Oder sie sieht einfach nur die Ähnlichkeit.
„Lass mich sehen.“ Sie hebt den blutgetränkten Waschlappen von seiner Wunde. „Schusswunde“, stammelt sie. „Hilf mir, ihn auf die Seite zu rollen. Ich muss nachschauen, ob es eine Austrittswunde gibt.“
Die ist mir bereits aufgefallen, aber ich helfe ihr trotzdem, damit sie selbst sieht.
„Gut, das ist gut. Das heißt, wir müssen keine Kugel rausfischen. Wie viel Blut hat er verloren?“
Keine Ahnung, ob sie eine exakte Berechnung von mir erwartet, also halte ich das Handtuch hoch, das er vor dem Waschlappen durchgeblutet hat.
„Sehr gut. Noch ein gutes Zeichen. Wenn eine große Arterie getroffen wäre, würde es sehr viel mehr Blut geben.“
Das hatte ich auch schon vermutet, ich will aber nicht ihre Arbeit stören. „Sag mir, was du brauchst.“ Ich deute auf Paolo im Türrahmen. Er holt sein Telefon raus, um Notizen zu machen.
„Eine Nadel und einen Faden, um die Wunden zu schließen. Verbandszeug. Kochsalzlösung. Viel Kochsalzlösung, um sie sauber zu halten. Zur Not könnte ich auch Alkohol nehmen, aber Kochsalzlösung wäre wirklich besser. Und ich brauche Injektionsnadeln für den Tropf – falls möglich Kaliber 21. Und die Tüten und Schläuche. Kaliumnatriumtartrat für den Tropf. Und ein Antibiotikum. Ist er allergisch auf Penizillin?“
„Nein.“ Auf einmal schnürt die Angst um Gio mir die Kehle zu.
„Dann Penizillin.“
„Warte. Nochmal. Ich hab nicht alles verstanden“, spricht Paolo.

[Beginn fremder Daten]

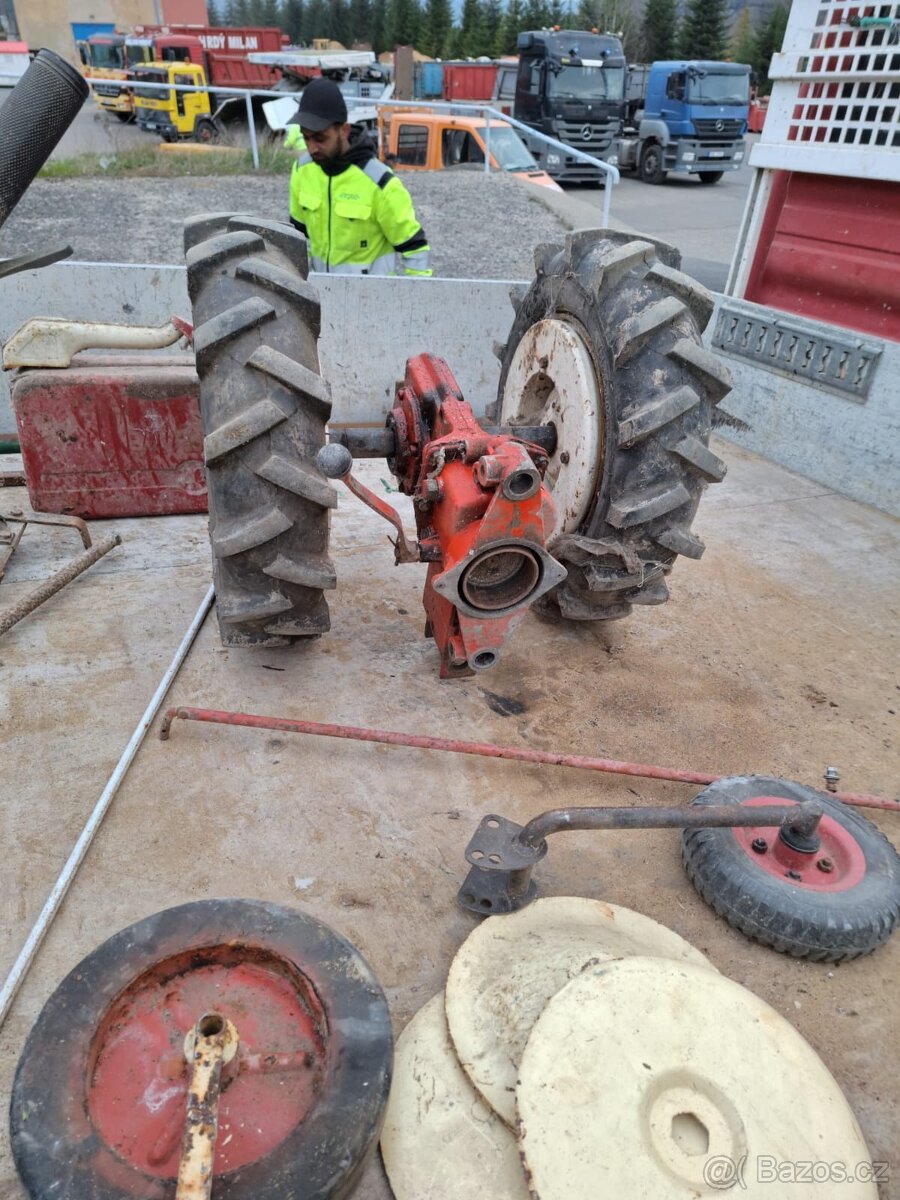 Traktůrek VARI - komponenty - 3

Sie wiederholt die Liste. „Ein Schmerzmittel oder Muskelrelaxans wäre auch gut, denn eine Weile wird es höllisch wehtun.“
„Verstanden“, entgegnet Paolo.
Die Entscheidung, Desiree dazuzuholen, fühlt sich mit jeder Minute besser an. Ihre schnelle, entschiedene Art ist genau der Grund, wie sie meine Mutter von sich überzeugen konnte. Und meiner Mutter kann man es sonst nie recht machen. Sie macht einen hervorragenden Job.
Und außerdem ist sie auch schön anzusehen.

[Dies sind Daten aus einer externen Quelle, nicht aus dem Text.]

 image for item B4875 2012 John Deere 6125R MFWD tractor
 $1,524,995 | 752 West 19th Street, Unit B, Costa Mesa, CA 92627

Nicht, dass ich sie deswegen hierher geschleift hätte.
Sie beäugt nochmal die blutigen Handtücher. „Ich glaube nicht, dass eine Bluttransfusion nötig ist.“
„Fall doch, kannst du mein Blut nehmen“, sage ich rasch. Ich weiß noch, wie sie als Kinder unsere Blutgruppen festgestellt hatten und wir Tacones alle dieselbe hatten – Null positiv.

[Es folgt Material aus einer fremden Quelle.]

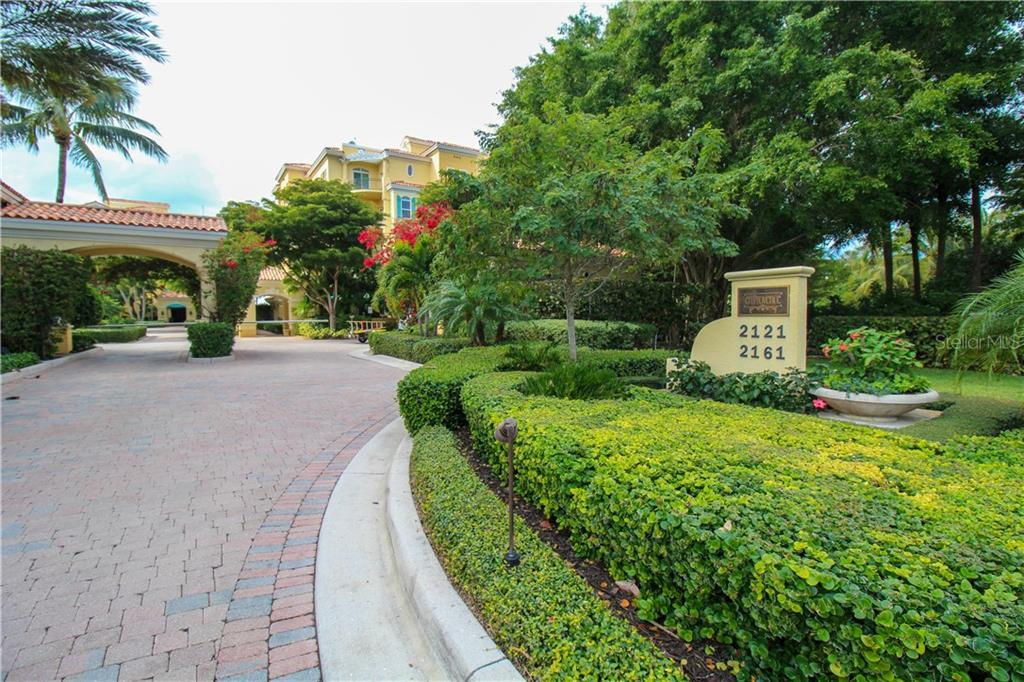 2161 Gulf Of Mexico Dr Unit 5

„Oder meines“, spricht Paolo. Er ist beinahe genauso bleich wie Gio.
„Das wäre alles?“, frage ich.
„Im Kofferraum meines Wagens ist ein Erste-Hilfe-Kasten. Den hätte ich auch gerne.“
„Bring ihren Wagen an einen sicheren Ort“, weise ich Paolo an.
„Bin schon dabei“, murmelt Paolo und bricht auf.
Ich habe keine Ahnung, wo er den ganzen Scheiß für sie auftreiben soll, aber ich bin sicher, dass er es irgendwie hinkriegt; genau, wie er irgendwie herausbekommen hat, wie er Desiree finden und herbringen soll. Es geht hier immerhin um das Leben unseres Bruders.